**Assignment**
Produce an exact copy of all records below.

**Task data**

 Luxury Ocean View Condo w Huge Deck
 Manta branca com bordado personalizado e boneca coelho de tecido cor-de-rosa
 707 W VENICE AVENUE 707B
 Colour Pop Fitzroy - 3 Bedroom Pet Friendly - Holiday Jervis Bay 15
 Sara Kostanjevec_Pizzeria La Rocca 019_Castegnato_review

**Result for this task**
 Luxury Ocean View Condo w Huge Deck
 Manta branca com bordado personalizado e boneca coelho de tecido cor-de-rosa
 707 W VENICE AVENUE 707B
 Colour Pop Fitzroy - 3 Bedroom Pet Friendly - Holiday Jervis Bay 15
 Sara Kostanjevec_Pizzeria La Rocca 019_Castegnato_review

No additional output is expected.